Now if we can get the itchy hands of regulators thinking less about how they can mandate disclosure which is then routinely ignored, and thinking instead about how they can improve the accuracy of reputations in the marketplace, for instance how they might be able to support ratings websites in various ways, that might help them do their job better (they have lots of challenges from defamation to verifying the identity of people making claims about others) we might be able to make more progress than we have with ‘disclosure’ regulation.
Hmmm…Isn’t part of the rationales for disclosure that it can help protect people from, amongst other things, reputations?
Ie someone might think that product X is marketed by a bank, it must be safe – chances are the PDS won’t help them, but it does give them some information on which to make a more rational assessment, if they read it.

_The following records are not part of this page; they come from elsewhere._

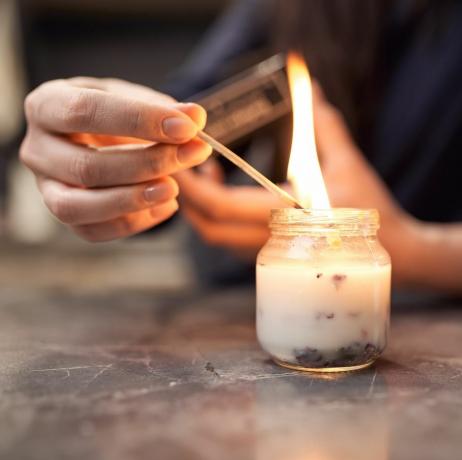 rajaa nimetön nainen palava tulitikku sytyttävä aromaattinen kynttilä lasipurkissa kotona marmoripöydälle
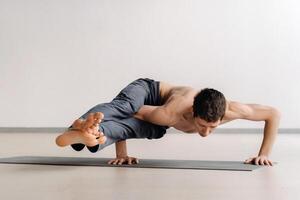A man with a bony torso trains lying down, doing a handstand in the gym photo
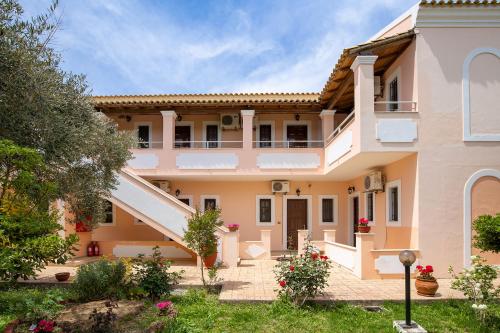 a large house with a staircase in front of it at Nikos Pool Apartments - Upper Floor in Sidari
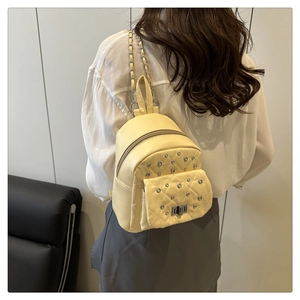 Detail of light yellow quilted mini backpack with rivets and metal chain straps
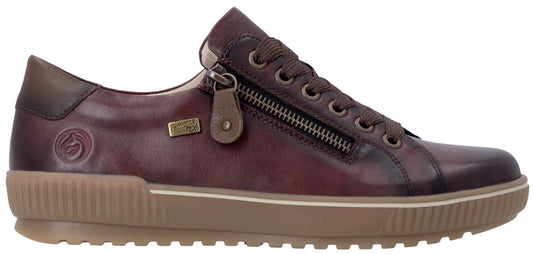 A maroon leather sneaker with a side zipper, brown laces, a brown rubber sole with a textured ribbed sidewall, and a logo embossed on the heel area.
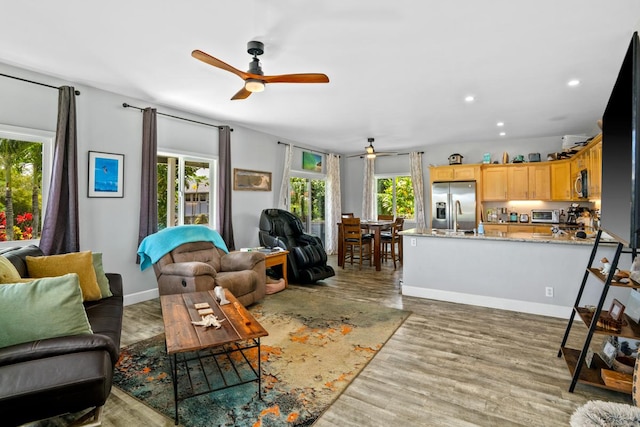 living area with a wealth of natural light, wood finished floors, recessed lighting, and a ceiling fan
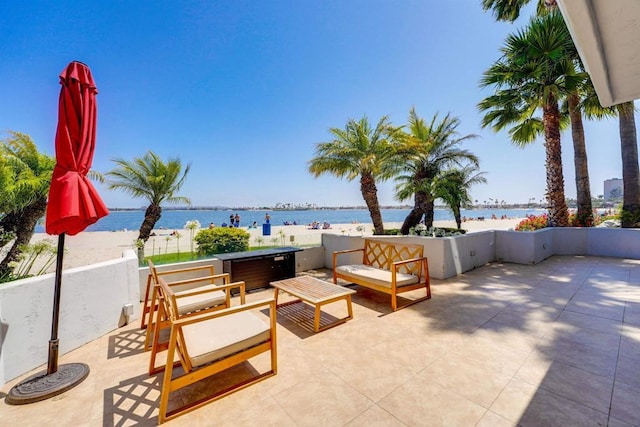 view of patio featuring a water view, an outdoor hangout area, and a jacuzzi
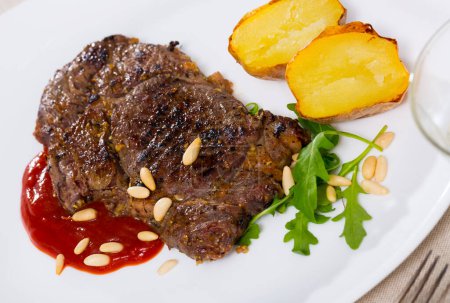 Delicious well done fried beef loin served with vegetable garnish of baked potato, tomato sauce and pine nuts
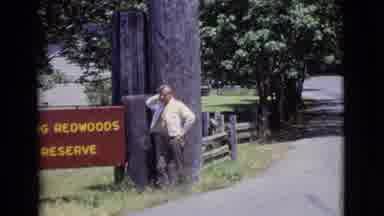 San Diego County California (1968): Man With Grey Hair Standing Next To A Sign For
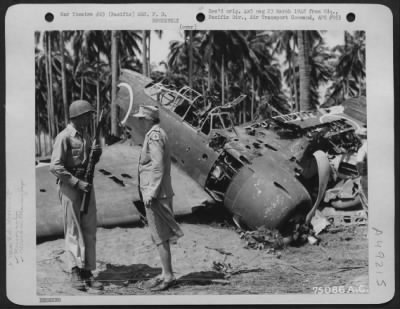 Groups > During Her Tour Of The Pacific Area Mrs. F. D. Roosevelt Chats With Pvt. Clarence D. Robertson From Tulsa, Okla, Who Guards A Wrecked Jap Zero At Guadalcanal, Solomon Islands, 1943.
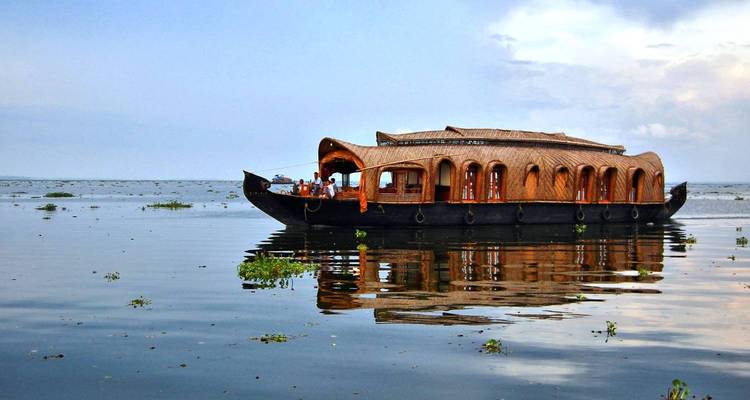Houseboat on tranquil waters.
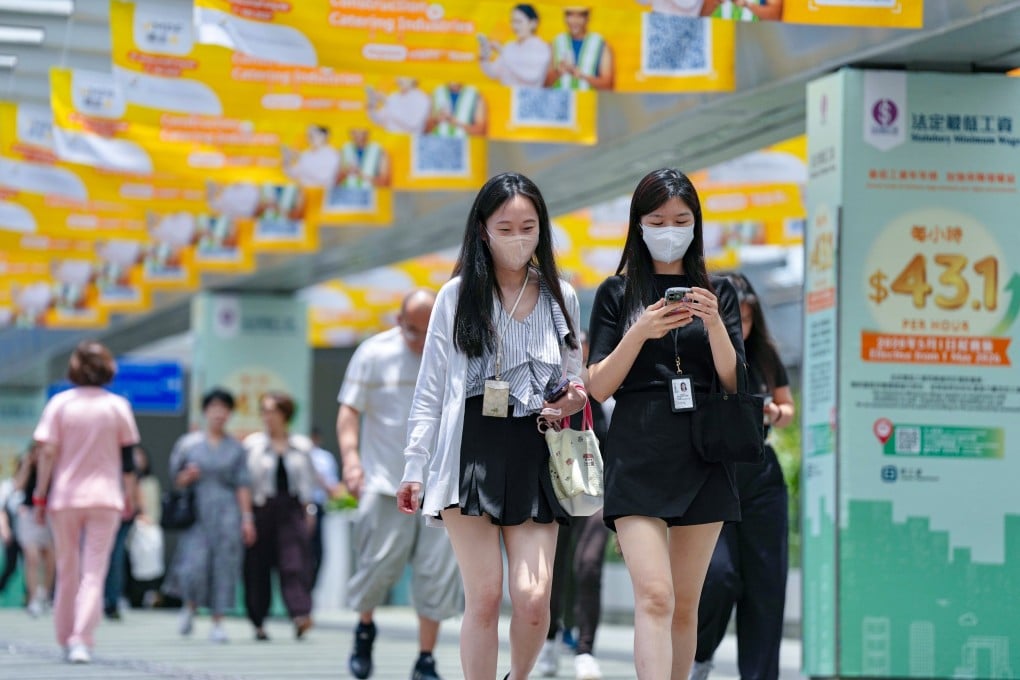 Civil servants step out of the Central Government Offices at lunchtime on May 28. Photo: Karma Lo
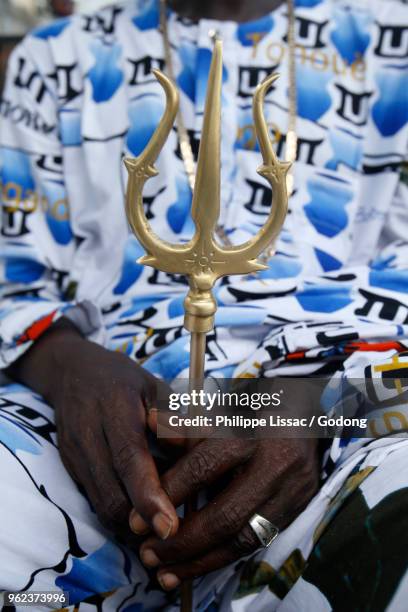 voodoo shrine in cotonou, benin. man holding a trident. - animism stock pictures, royalty-free photos & images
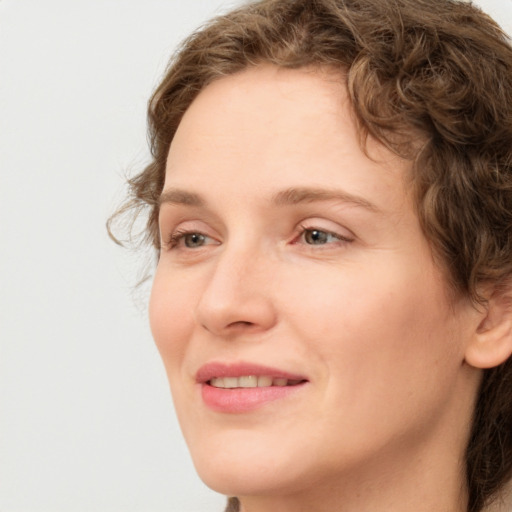 Joyful white young-adult female with medium  brown hair and green eyes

You’ve talked about information policies quite a bit and you have convince me they have alot of potential. But you are also skeptical of government’s ability to deliver them. That seems to leave us in a position where there is no policy to implement and
Can you give us a suggestion for a government policy which you feel will improve market information even when implemented by a real world government? You may have covered this before and if so I apologize for the request, but I have read a few of your posts on this idea and while the theory seems good it does not seem to translate into practical policies a government could implement. I am especially curious as to whether there are any “low hanging fruit” policies in this area.
When buying second hand, letting those with money to make judgements
I can’t afford to make error on, reputation is valid.
I researched for some years on computers and the pros and cons of what I neede a computer for.
Apple came up trumps, the interface was easier than windows and I didn’t want to be one of the mob so encouraging pranksters to spoil my fun.
The thing not accounted for was the marketing system of dribbling improvments.
I bought at first, new! never again it was an expensive lesson.
Not needing stuff”leading edge” just reliable and easy has been my guide since that first expensive mistake.
Still with Apple because new learning of systems is not my go, I am happy to operate a ten year old machine at 500 mb, at least ten year old and it cost peanuts on ebay.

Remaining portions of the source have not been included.